_Your objective:_
Output must consist only of the lines of the material below from the one with "针灸班学员互相练习针刺" through the one with "PRDM12 Antibody in Western Blot (WB)", each reproduced exactly; no pictures belong in it.

Segment Start: The input

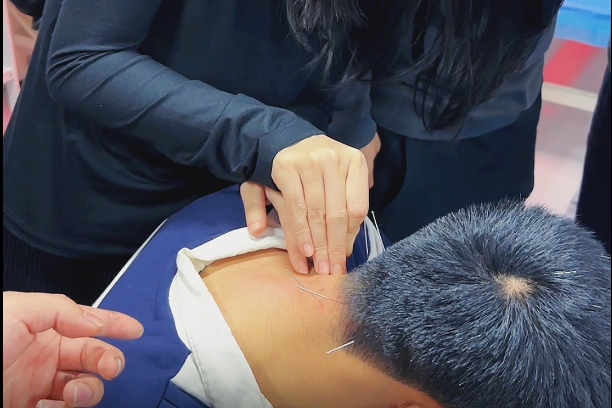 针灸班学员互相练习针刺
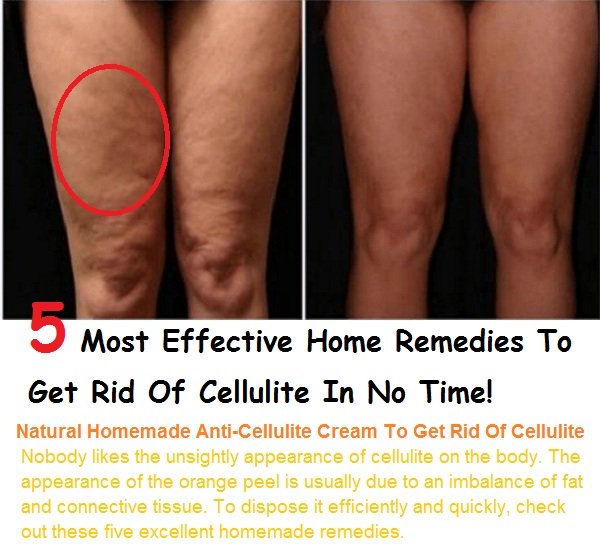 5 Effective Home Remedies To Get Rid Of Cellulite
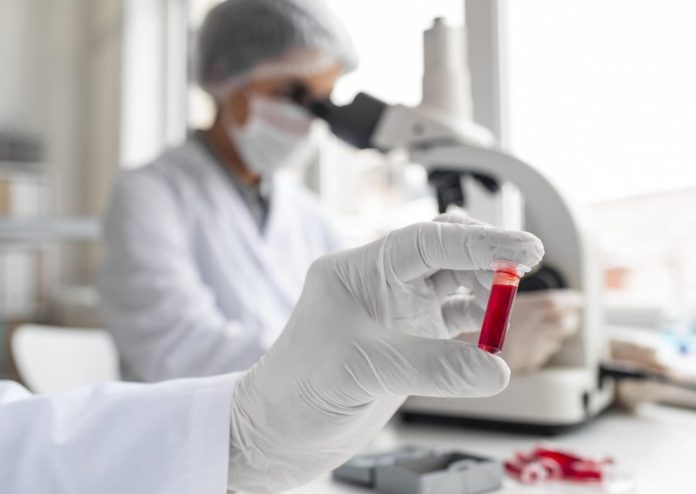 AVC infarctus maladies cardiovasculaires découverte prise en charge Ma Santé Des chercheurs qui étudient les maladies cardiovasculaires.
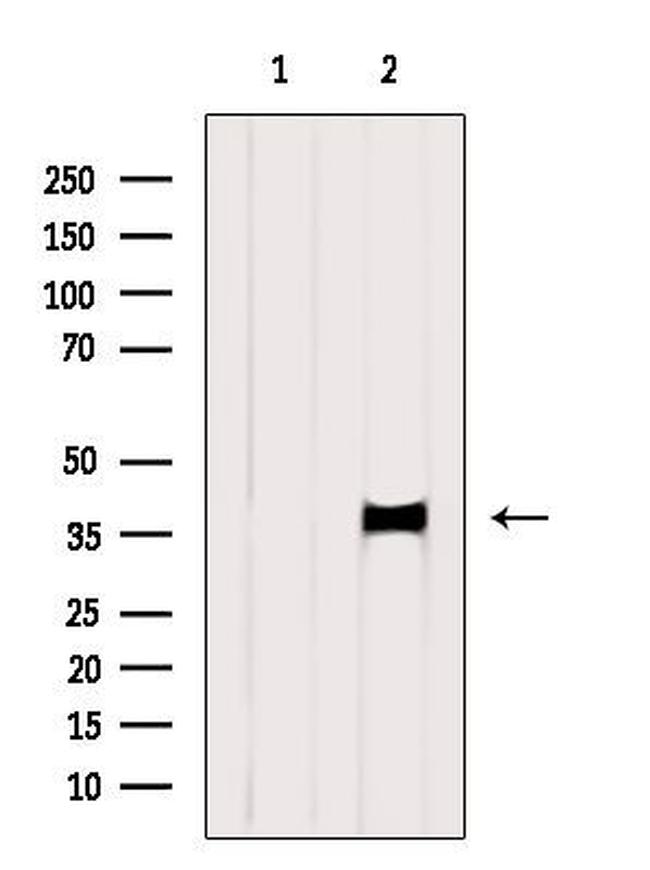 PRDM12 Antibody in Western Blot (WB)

Segment End: The input
Segment Start: The input

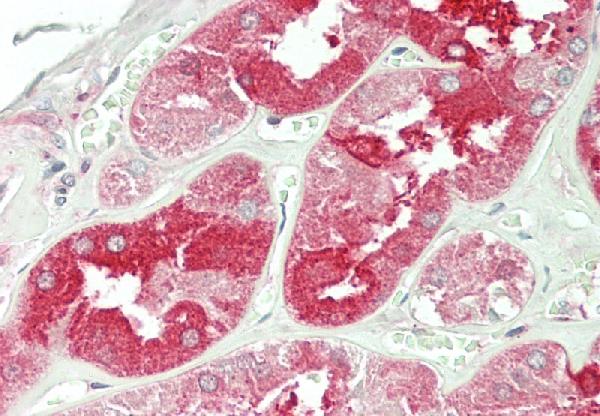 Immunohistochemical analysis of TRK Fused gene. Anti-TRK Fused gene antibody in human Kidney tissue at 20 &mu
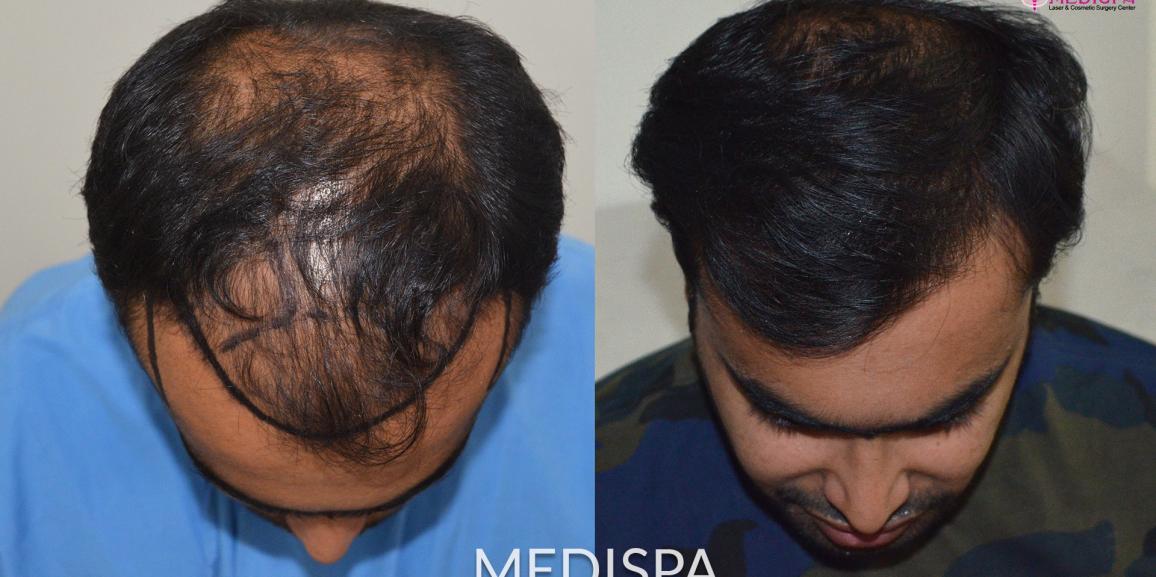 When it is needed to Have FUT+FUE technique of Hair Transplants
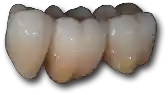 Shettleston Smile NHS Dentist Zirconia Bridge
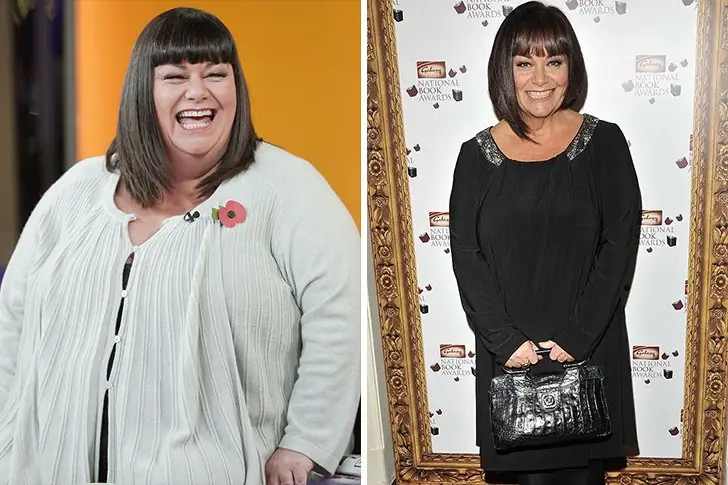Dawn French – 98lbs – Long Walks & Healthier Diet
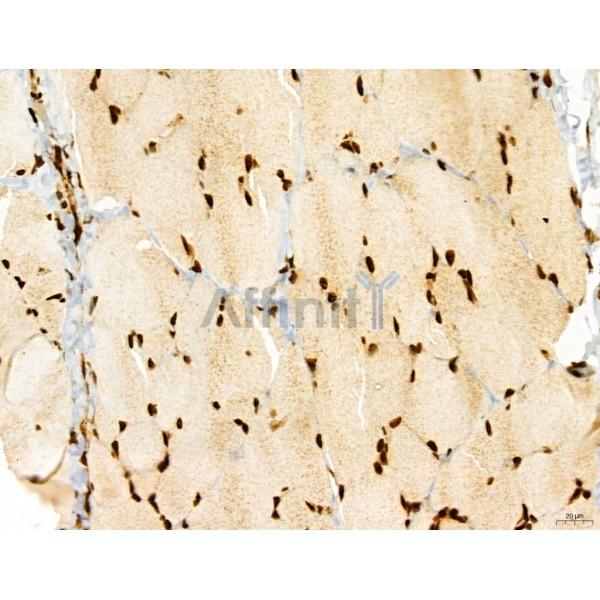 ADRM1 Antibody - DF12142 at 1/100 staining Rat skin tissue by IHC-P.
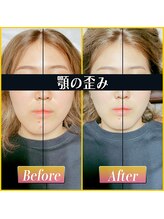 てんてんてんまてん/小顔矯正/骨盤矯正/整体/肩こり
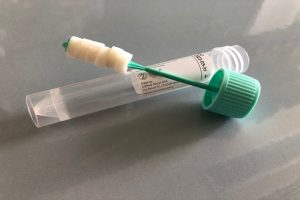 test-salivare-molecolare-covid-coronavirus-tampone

Segment End: The input

_Answer:_
 针灸班学员互相练习针刺
 5 Effective Home Remedies To Get Rid Of Cellulite
 AVC infarctus maladies cardiovasculaires découverte prise en charge Ma Santé Des chercheurs qui étudient les maladies cardiovasculaires.
 PRDM12 Antibody in Western Blot (WB)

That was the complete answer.